Cost of grieving skyrockets as underwriters hike prices
Policy-holders are paying more to grieve their loved ones on funeral insurance costs than they were last year, findings by Business Hub can now reveal.
A random sampling shows that more than 90 per cent if not all, insurance firms offering such indemnities, have almost doubled their prices in recent months as a cushion against the rising cost of living that has been aggravated by “inflationary pressures.”
As a result, the majority of Kenyan households are now opting for slimmed-down rates for such protections with supervisory bodies like the Insurance Regulatory Authority (IRA), who are tasked with controlling such predatory practices, conceding to being powerless in protecting the public interest.
“It is a free market, a blanket market really, where underwriters are open to extending their services and products to willing buyers. These are tough economic times and the industry is feeling the heat as well. But policyholders have options of cheaper insurers,” said an employee of the IRA who requested privacy.
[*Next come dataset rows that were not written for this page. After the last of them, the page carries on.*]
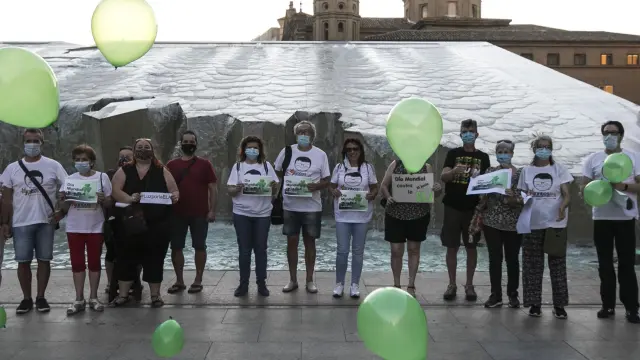 Acto del Día Mundial de la ELA en Zaragoza.
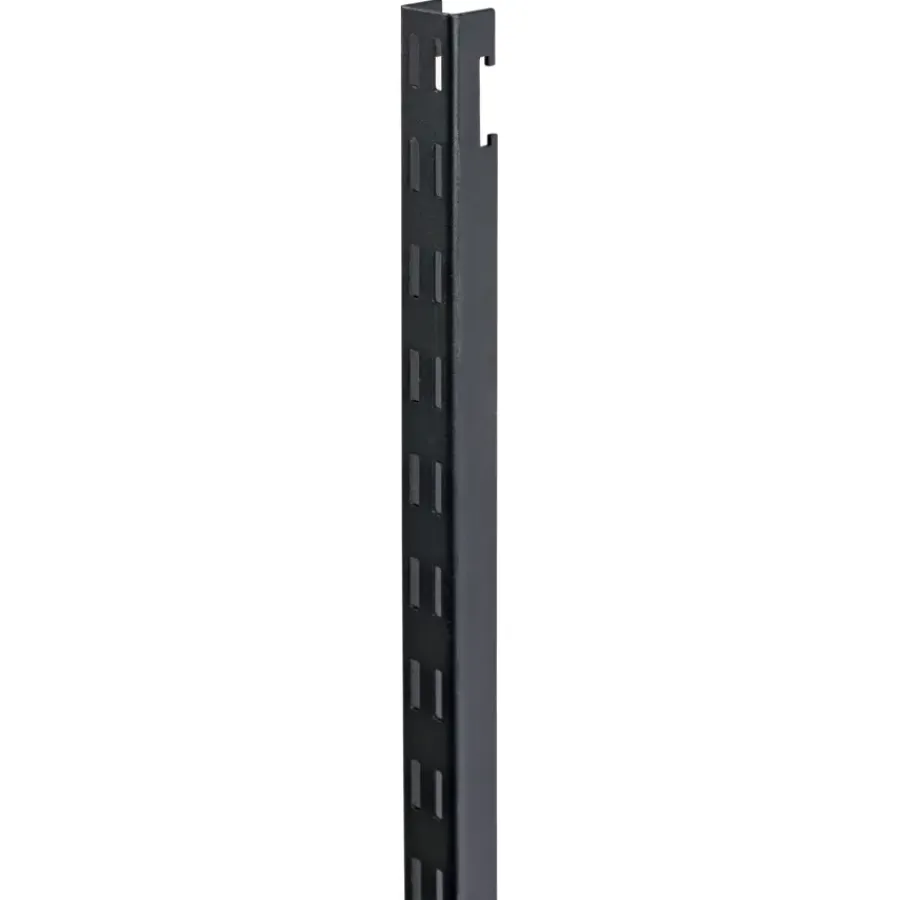 Duraline rail 175 cm zwart t.b.v. opbergsysteem hangend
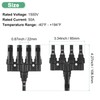 M METERXITY 1-Pair Solar Panel Connector 4 to 1 T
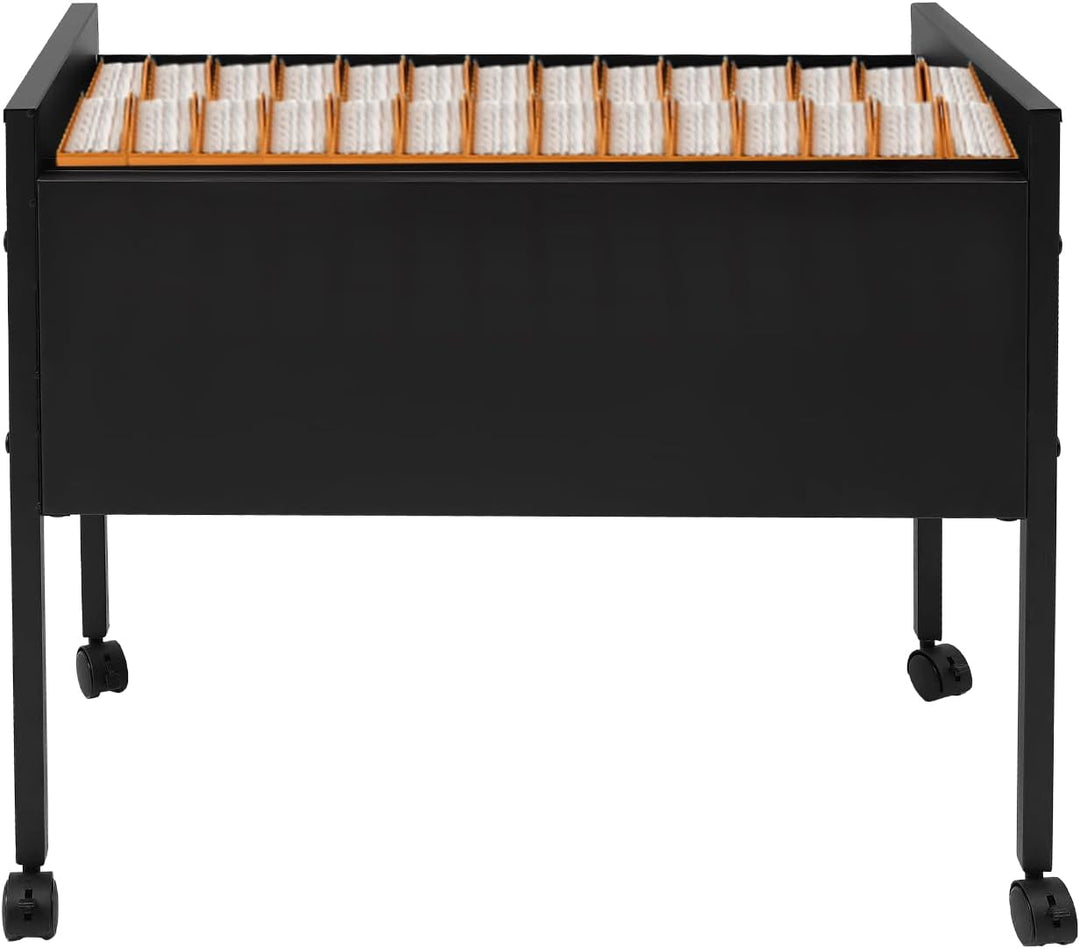 Hängemappenwagen, Rollbarer Aktenschrank mit Universalrollen Aktenordner Büroschrank für Büros Konfe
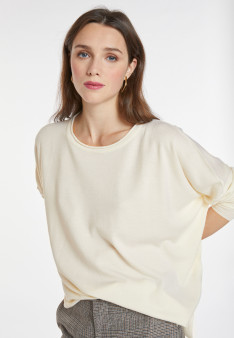 Pull ample col rond en laine mérinos - Azel 8201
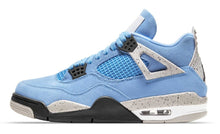 Cargar imagen en el visor de la galería, Air Jordan Retro 4 UNIVERSITY BLUE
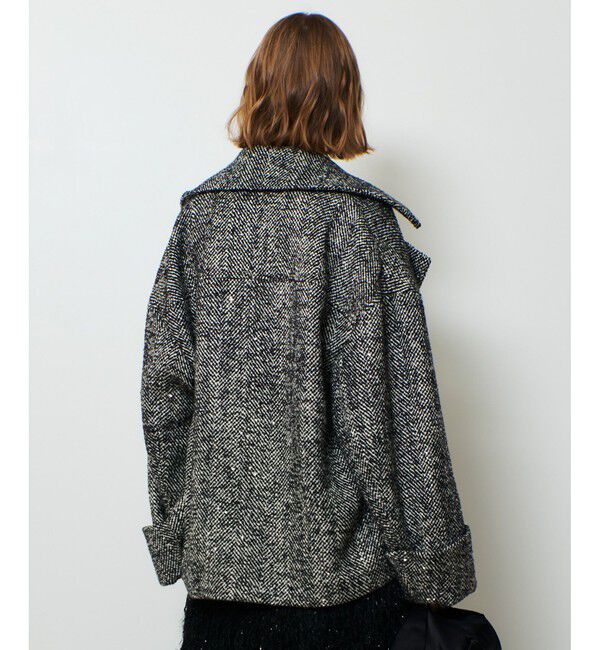 allureville「BONOTTOスパンコールショートコート」|ダッフルコート|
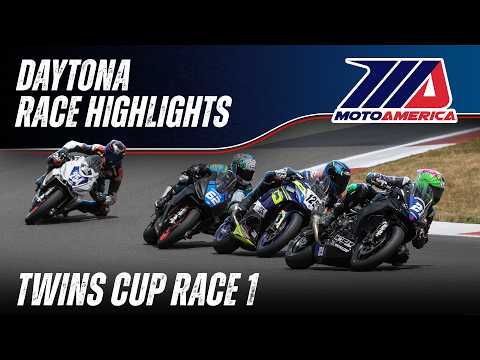 Twins Cup Race 1 at Daytona 2026 - HIGHLIGHTS | MotoAmerica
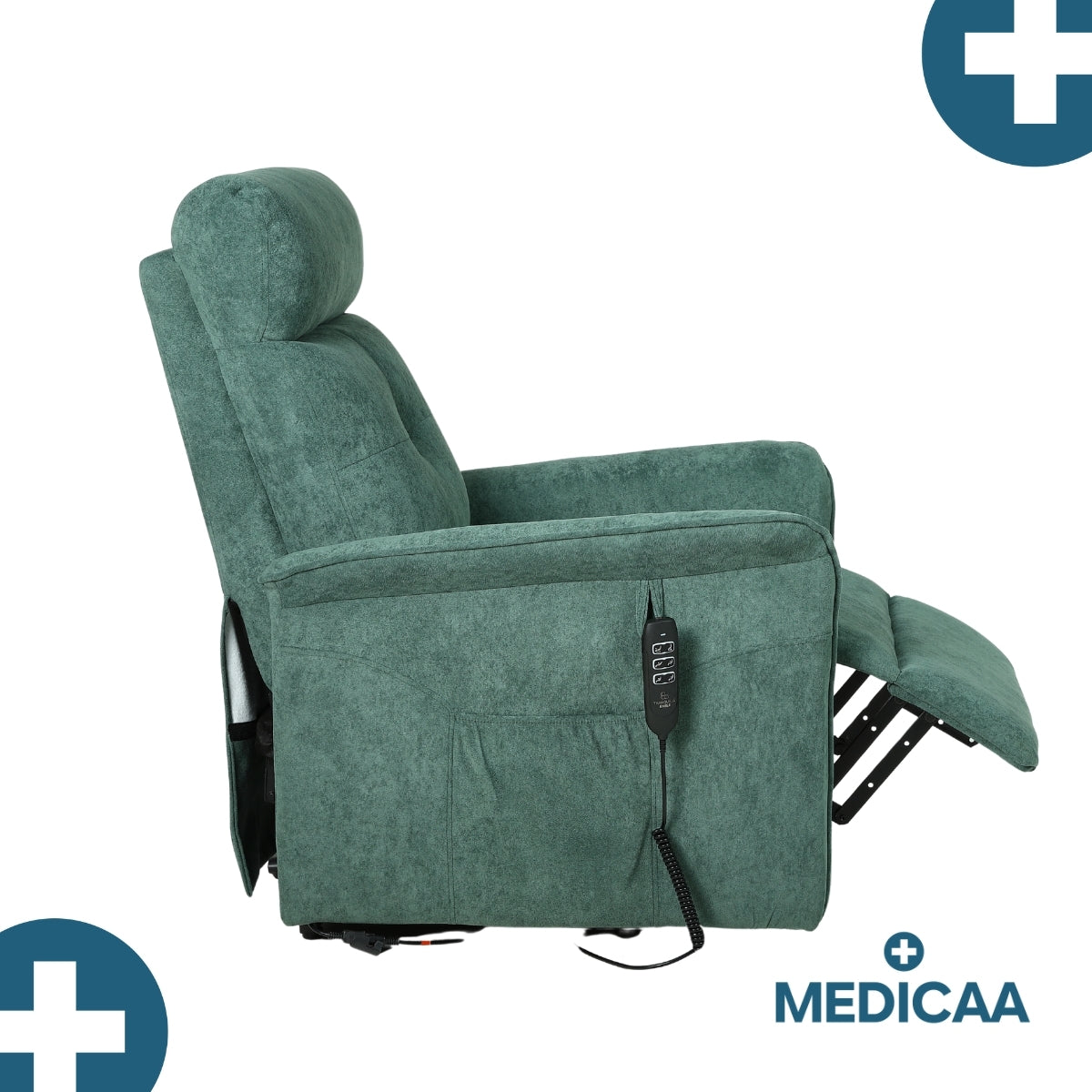 Fauteuil Releveur Premium - 2 Moteurs - Vert - Modèle Fernand - Tranquille Émile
“Last year, I paid Sh6,800 for a group funeral expense insurance in our group where we are 10 of us, today when I got the application form to renew my cover, I was surprised when I noticed the amount had been capped at Sh13,540 for the same cover,” said Kevin Obong’o who is a member of 1940 Brothers.
The group which comprises 10 friends decided to take an annual cover from Liberty Life Kenya.
The deal entails an indemnity that covers the principal member’s nuclear and extended family, one spouse, and up to four biological or adopted children as well as the policy holder’s in-law parents. Such beneficiaries are eligible for up to Sh300,000 in premiums - payable per member.
Also called final expense cover, funeral insurance is a whole life policy that helps cover the costs of an individual’s final arrangements and pays for expenses such as the memorial service, casket or urn, and burial or cremation costs. The idea was to scale down on fundraising from family and friends when one is bereaved and ensure that they go on with their lives even after such an eventuality without running broke.
Benefits offered under this category by the underwriter range between Sh50,000 whose payable annual premium rate is capped at Sh2,325 per member and Sh500,000 for a Sh22,100 rate per member.
“Initially we had intended to change the insurer but instead opted against the idea, after we realised all the other firms had also increased their rates for this particular cover, we had to renew it,” added Obong’o.
For a similar class of business for registered groups, a brochure from UAP Life Group also shows an increase in its yearly renewable rates as Sh 8,125 for benefits of up to Sh250,000 and Sh16,250 for premium benefits of Sh500,000 for nuclear and extended family premium, which is offered as a single claim or per member. Those figures were, however, lower six months ago.
That amount is higher in annual renewals for a similar category, although issued to up to six beneficiaries in claim payments.
Insurance premiums vary depending on your age, the type of coverage, the amount of coverage, your insurance history, and other factors.
When contacted for comment yesterday Association of Kenya Insurers Chief executive Tom Gichuhi said: “Looks like the practice is back in the market. I will need time to study this.”